- [AIM OF THE TASK]: Restate the listing below word for word. No picture belongs in the result.

- [DATASET EXCERPT]:
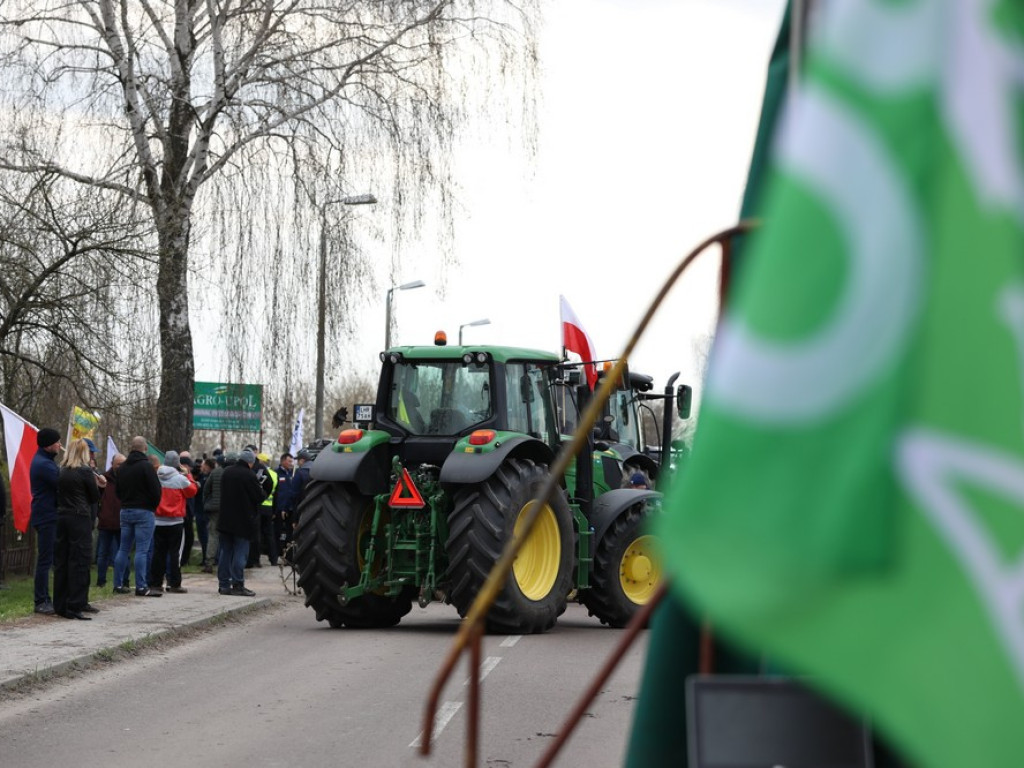 Hrubieszów: Rozpoczął się protest rolników [ZDJĘCIA, WIDEO]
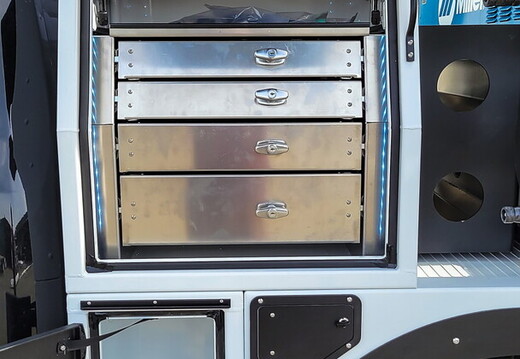 9-1051 - 2023 Paladin S X 38 -- J.L (15)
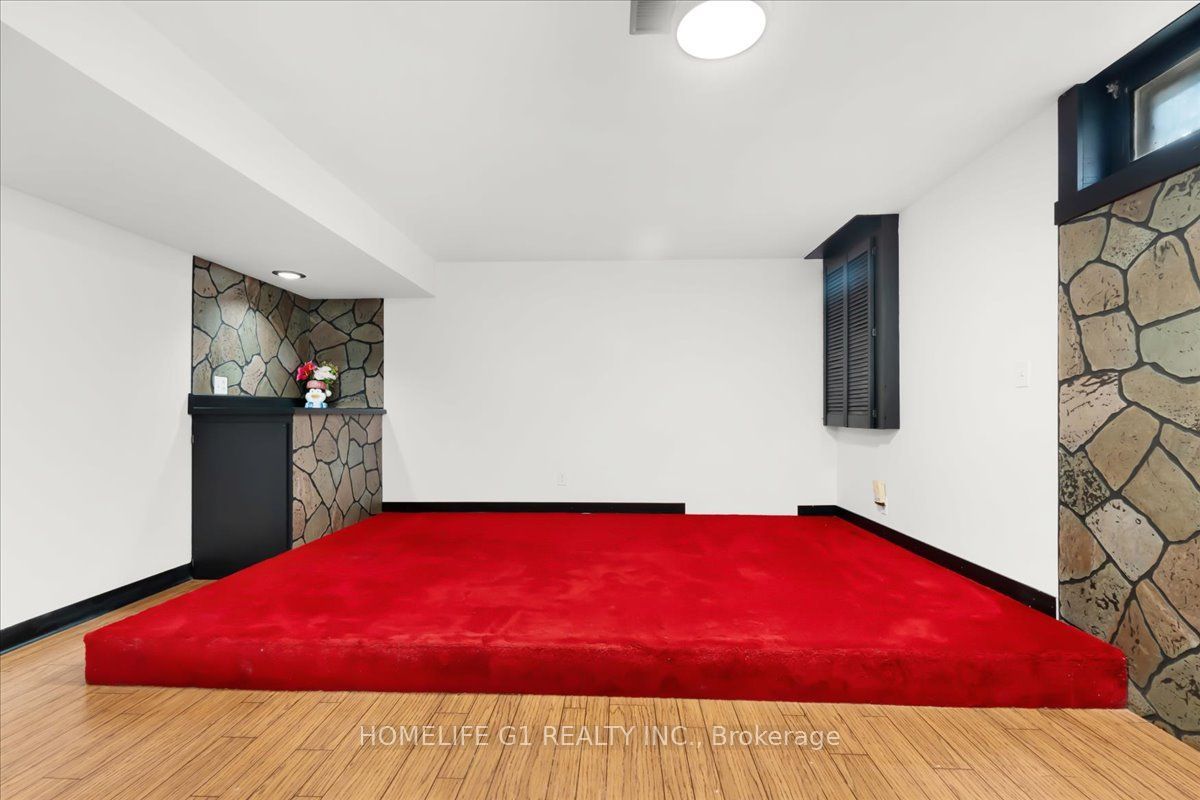 19 Milton Avenue W Property Photo 26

- [WRITTEN ANSWER]:
 Hrubieszów: Rozpoczął się protest rolników [ZDJĘCIA, WIDEO]
 9-1051 - 2023 Paladin S X 38 -- J.L (15)
 19 Milton Avenue W Property Photo 26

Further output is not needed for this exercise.